To do: Could you give back exactly the lines below from the one with "[upl. by Julissa582]" through the one with "Wifi Logo Icon Design", without a single picture?

Source information:
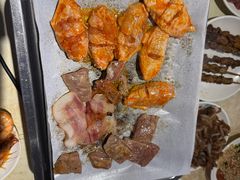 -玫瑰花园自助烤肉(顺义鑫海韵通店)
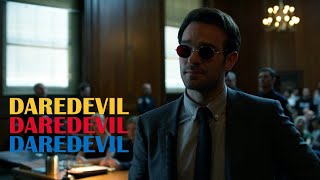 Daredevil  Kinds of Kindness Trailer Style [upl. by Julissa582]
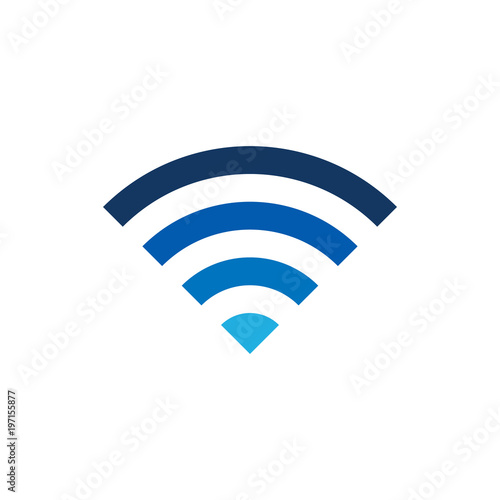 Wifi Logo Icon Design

--

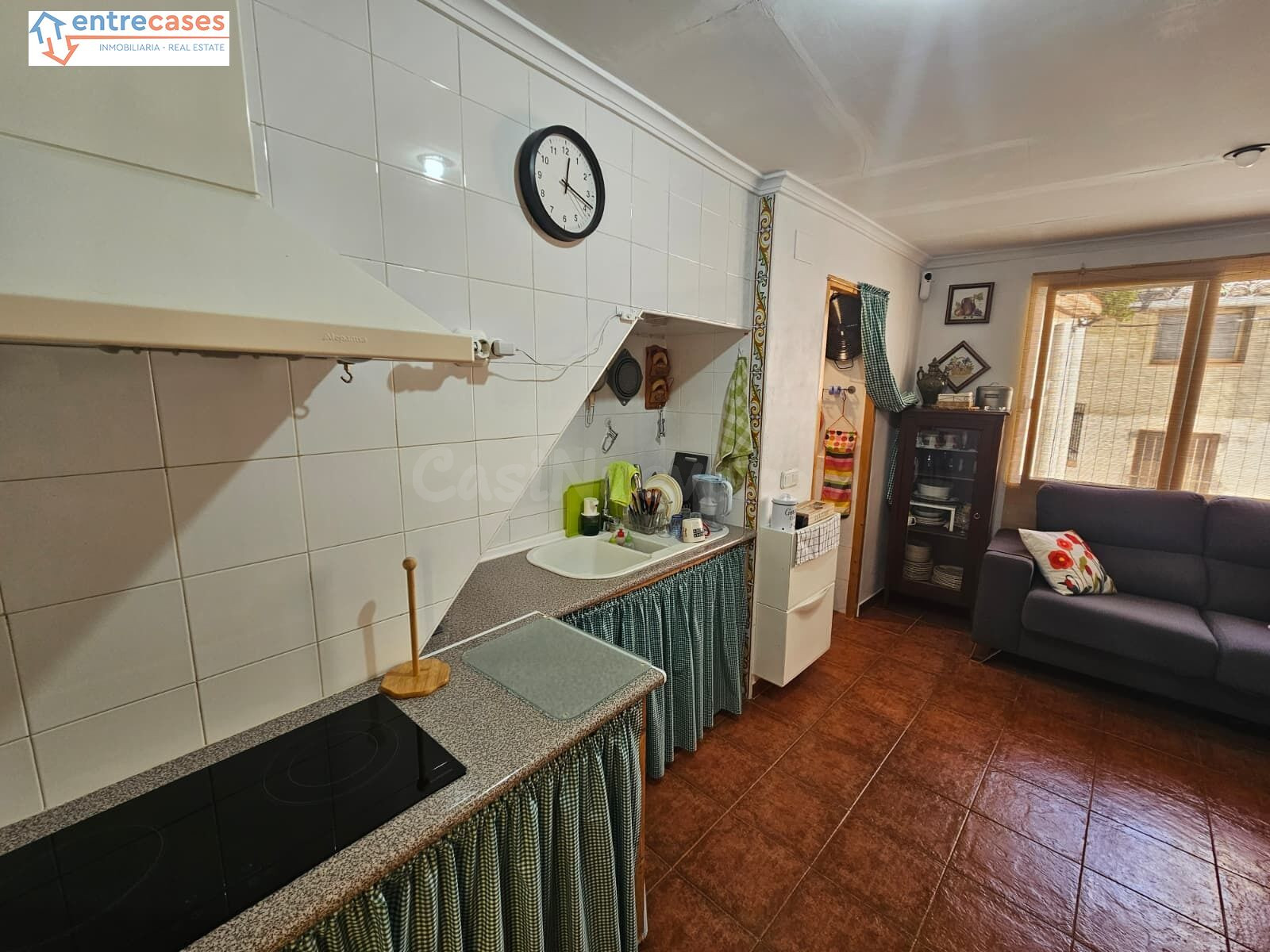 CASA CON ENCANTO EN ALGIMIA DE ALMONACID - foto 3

Solution for this task:
 Daredevil  Kinds of Kindness Trailer Style [upl. by Julissa582]
 Wifi Logo Icon Design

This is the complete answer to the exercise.